Learning from Between-class Examples for Deep Sound Recognition

Authors: Yuji Tokozume, Yoshitaka Ushiku, Tatsuya Harada

ICLR 2018 | Conference PDF | Archive PDF | Plain Text | LLM Run Details

Reproducibility Variable Result LLM Response
Research Type Experimental The experimental results show that BC learning improves the performance on various sound recognition networks, datasets, and data augmentation schemes, in which BC learning proves to be always beneficial. Furthermore, we construct a new deep sound recognition network (Env Net-v2) and train it with BC learning.
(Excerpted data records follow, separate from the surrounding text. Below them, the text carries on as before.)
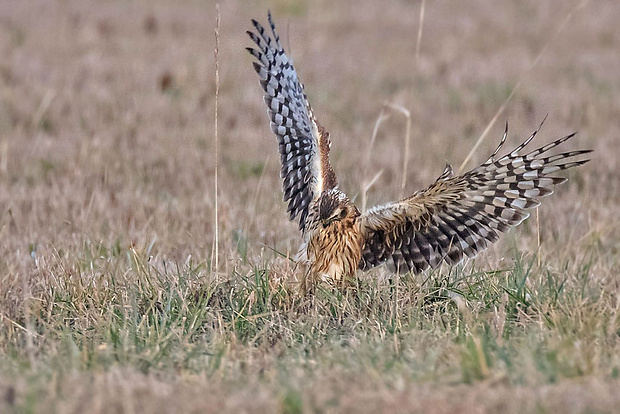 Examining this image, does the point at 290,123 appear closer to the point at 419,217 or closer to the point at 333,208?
the point at 333,208

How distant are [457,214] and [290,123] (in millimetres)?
1216

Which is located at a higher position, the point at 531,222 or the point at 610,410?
the point at 531,222

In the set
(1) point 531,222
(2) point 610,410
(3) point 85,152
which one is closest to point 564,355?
(2) point 610,410

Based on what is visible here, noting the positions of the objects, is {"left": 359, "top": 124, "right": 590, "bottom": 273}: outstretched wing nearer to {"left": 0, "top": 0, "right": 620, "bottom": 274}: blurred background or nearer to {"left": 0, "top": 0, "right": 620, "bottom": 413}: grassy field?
{"left": 0, "top": 0, "right": 620, "bottom": 413}: grassy field

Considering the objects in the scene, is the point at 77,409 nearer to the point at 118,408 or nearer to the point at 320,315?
the point at 118,408

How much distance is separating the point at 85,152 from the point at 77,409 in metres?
5.32

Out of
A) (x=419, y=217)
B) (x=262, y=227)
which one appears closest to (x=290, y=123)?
(x=262, y=227)

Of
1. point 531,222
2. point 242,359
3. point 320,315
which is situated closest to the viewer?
point 242,359

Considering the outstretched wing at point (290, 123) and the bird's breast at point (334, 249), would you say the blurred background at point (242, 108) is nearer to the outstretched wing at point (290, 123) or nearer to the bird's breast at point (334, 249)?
the outstretched wing at point (290, 123)

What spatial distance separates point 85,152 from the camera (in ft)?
27.7

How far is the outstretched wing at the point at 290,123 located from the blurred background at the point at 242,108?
25 cm

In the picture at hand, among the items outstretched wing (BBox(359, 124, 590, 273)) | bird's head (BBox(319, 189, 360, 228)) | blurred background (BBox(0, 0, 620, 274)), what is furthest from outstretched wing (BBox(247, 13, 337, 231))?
outstretched wing (BBox(359, 124, 590, 273))

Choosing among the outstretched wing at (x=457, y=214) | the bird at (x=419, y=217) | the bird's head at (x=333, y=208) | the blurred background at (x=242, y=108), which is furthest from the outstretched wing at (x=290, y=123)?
the outstretched wing at (x=457, y=214)

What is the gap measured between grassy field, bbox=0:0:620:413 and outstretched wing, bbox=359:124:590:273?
0.52 ft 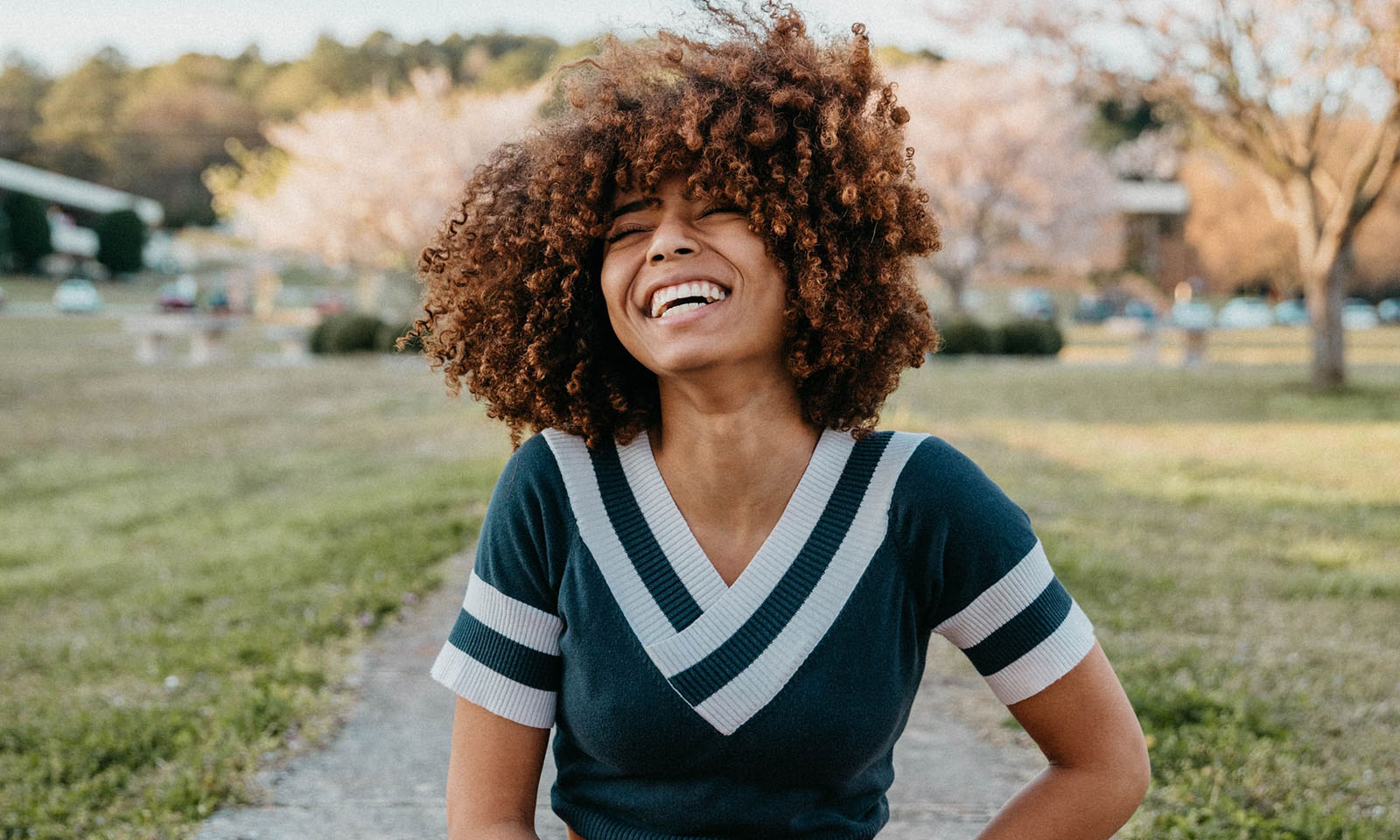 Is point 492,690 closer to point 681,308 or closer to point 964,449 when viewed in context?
point 681,308

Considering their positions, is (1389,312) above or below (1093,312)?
below

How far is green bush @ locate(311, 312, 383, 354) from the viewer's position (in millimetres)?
22281

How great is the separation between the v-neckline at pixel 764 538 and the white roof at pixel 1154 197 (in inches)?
2226

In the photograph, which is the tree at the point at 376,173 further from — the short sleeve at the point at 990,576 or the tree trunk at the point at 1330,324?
the short sleeve at the point at 990,576

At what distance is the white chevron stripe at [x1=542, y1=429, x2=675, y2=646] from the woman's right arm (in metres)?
0.25

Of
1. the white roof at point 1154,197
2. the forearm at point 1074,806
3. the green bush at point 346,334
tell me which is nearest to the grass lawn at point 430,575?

As a result, we achieved a performance surpasses the human level.
Researcher Affiliation Academia Yuji Tokozume1, Yoshitaka Ushiku1, Tatsuya Harada1,2 1The University of Tokyo, 2RIKEN {tokozume,ushiku,harada}@mi.t.u-tokyo.ac.jp
Pseudocode No The paper does not contain any structured pseudocode or algorithm blocks.
Open Source Code Yes The code is publicly available at https://github.com/mil-tokyo/bc_learning_sound/.
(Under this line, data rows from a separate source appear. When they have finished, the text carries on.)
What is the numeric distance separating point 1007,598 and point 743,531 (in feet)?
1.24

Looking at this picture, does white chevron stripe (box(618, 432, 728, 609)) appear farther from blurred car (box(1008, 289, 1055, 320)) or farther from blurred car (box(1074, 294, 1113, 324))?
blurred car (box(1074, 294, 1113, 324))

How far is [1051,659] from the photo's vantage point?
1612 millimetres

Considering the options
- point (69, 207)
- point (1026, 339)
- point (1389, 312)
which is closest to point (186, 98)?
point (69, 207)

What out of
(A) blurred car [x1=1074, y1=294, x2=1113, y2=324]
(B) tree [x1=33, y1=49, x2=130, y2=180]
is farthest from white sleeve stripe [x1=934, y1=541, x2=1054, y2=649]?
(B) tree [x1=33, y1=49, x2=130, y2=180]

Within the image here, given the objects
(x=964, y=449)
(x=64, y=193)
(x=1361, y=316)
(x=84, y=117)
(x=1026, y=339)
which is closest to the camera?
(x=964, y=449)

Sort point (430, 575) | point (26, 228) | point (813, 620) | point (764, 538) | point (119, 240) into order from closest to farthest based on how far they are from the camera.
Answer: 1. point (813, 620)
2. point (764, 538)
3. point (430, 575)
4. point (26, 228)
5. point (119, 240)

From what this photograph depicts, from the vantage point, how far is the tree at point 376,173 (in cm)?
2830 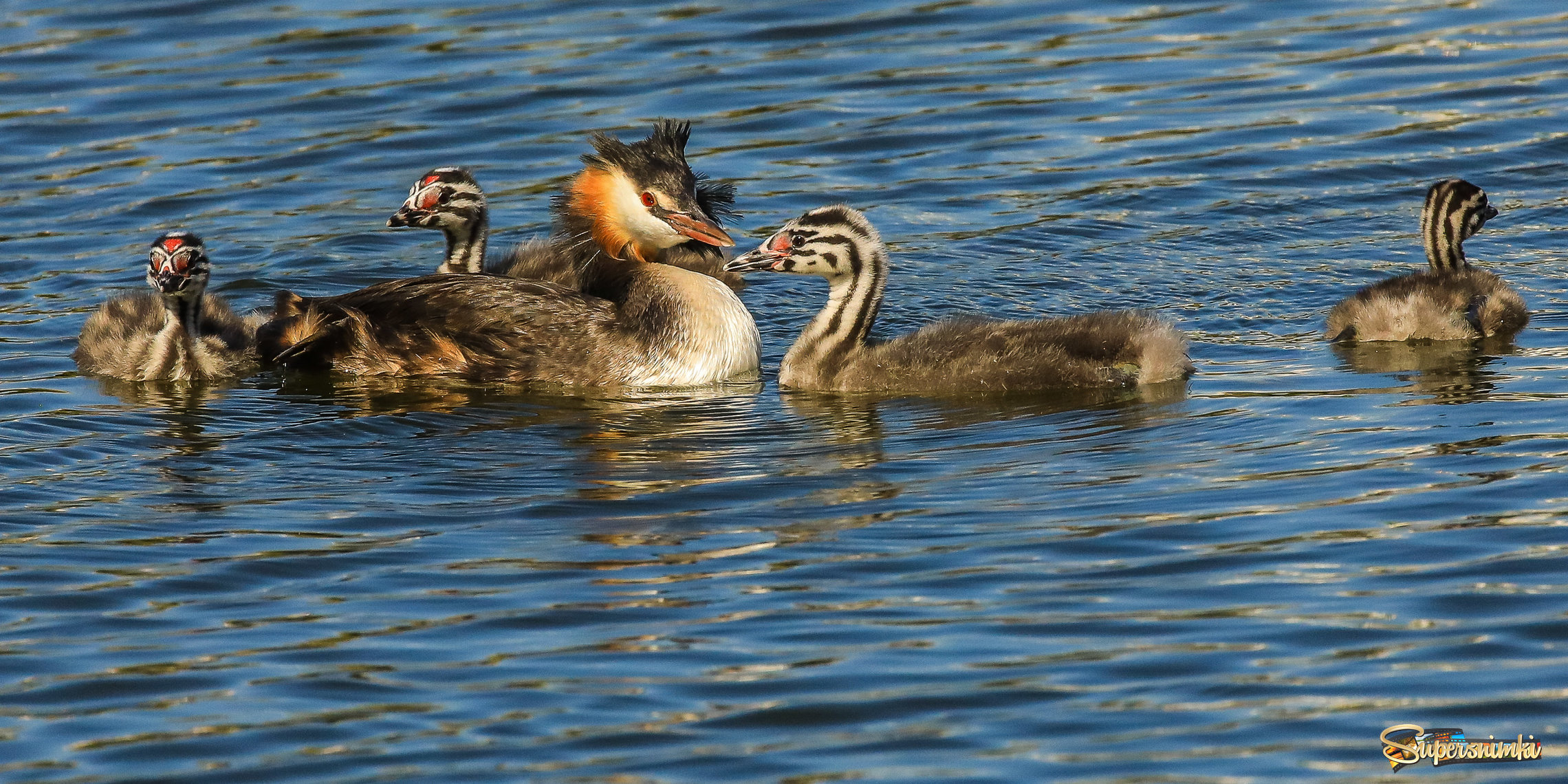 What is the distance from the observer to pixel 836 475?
9539 millimetres

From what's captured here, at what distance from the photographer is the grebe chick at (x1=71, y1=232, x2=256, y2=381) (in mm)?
12133

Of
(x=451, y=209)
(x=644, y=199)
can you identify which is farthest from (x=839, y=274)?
(x=451, y=209)

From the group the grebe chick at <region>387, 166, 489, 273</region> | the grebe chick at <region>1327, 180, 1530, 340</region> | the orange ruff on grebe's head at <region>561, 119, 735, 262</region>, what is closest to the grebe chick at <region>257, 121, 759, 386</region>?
the orange ruff on grebe's head at <region>561, 119, 735, 262</region>

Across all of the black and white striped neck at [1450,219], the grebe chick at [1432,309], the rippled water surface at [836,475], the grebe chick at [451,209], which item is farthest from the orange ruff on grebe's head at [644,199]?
the black and white striped neck at [1450,219]

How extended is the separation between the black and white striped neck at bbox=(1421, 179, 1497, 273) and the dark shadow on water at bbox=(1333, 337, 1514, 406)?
78 centimetres

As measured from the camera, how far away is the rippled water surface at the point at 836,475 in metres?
6.91

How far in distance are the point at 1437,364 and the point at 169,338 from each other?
7030 mm

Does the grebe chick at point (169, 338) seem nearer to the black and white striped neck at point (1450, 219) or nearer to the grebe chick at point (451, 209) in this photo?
the grebe chick at point (451, 209)

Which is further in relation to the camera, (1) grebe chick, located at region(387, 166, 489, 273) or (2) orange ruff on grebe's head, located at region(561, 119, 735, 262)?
(1) grebe chick, located at region(387, 166, 489, 273)

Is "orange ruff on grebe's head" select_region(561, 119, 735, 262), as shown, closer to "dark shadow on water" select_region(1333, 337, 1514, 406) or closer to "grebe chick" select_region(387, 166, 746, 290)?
"grebe chick" select_region(387, 166, 746, 290)

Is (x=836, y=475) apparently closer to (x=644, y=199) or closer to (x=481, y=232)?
(x=644, y=199)

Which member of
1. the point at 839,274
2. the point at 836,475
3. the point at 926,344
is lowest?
the point at 836,475

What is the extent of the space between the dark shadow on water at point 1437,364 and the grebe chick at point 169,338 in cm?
628

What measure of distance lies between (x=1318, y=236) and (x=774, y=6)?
8.20 m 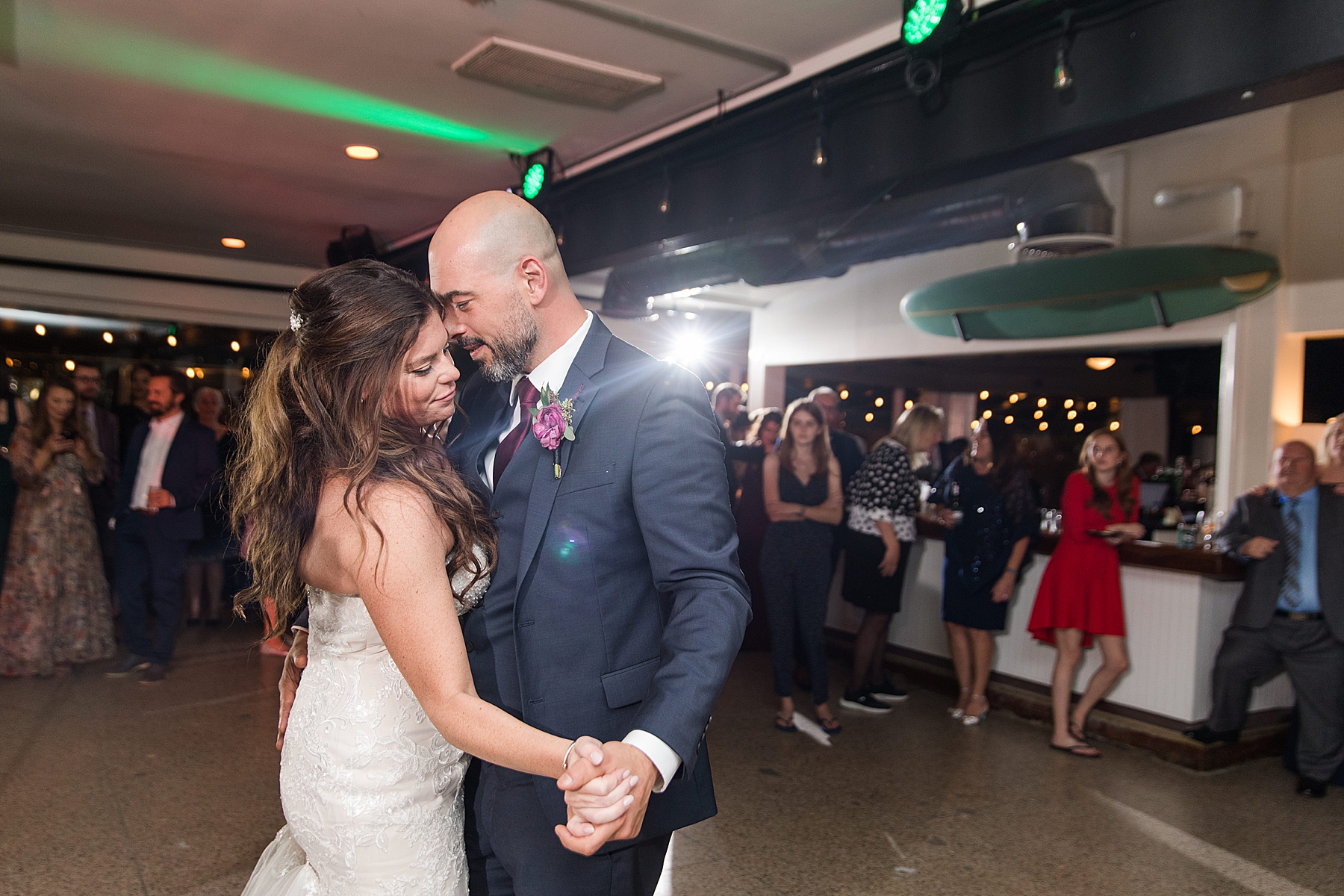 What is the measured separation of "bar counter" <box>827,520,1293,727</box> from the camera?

Open Datasets Yes We used ESC-50, ESC-10 (Piczak, 2015b), and Urban Sound8K (Salamon et al., 2014) to train and evaluate the models.
Dataset Splits Yes We evaluated the performance of the methods using a K-fold cross-validation (K = 5 for ESC-50 and ESC-10, and K = 10 for Urban Sound8K), using the original fold settings.
Hardware Specification No No specific hardware details (like GPU/CPU models, memory) were mentioned for running experiments.
Software Dependencies Yes Note that all networks and training codes are our implementation using Chainer v1.24 (Tokui et al., 2015).
Experiment Setup Yes All models were trained with Nesterov s accelerated gradient using a momentum of 0.9, weight decay of 0.0005, and mini-batch size of 64. The only difference in the learning settings between standard and BC learning is the number of training epochs. ... Table 3 shows the detailed learning settings of standard learning. We trained the model by beginning with a learning rate of Initial LR, and then divided the learning rate by 10 at the epoch listed in LR schedule. To improve convergence, we used a 0.1 smaller learning rate for the first Warmup epochs.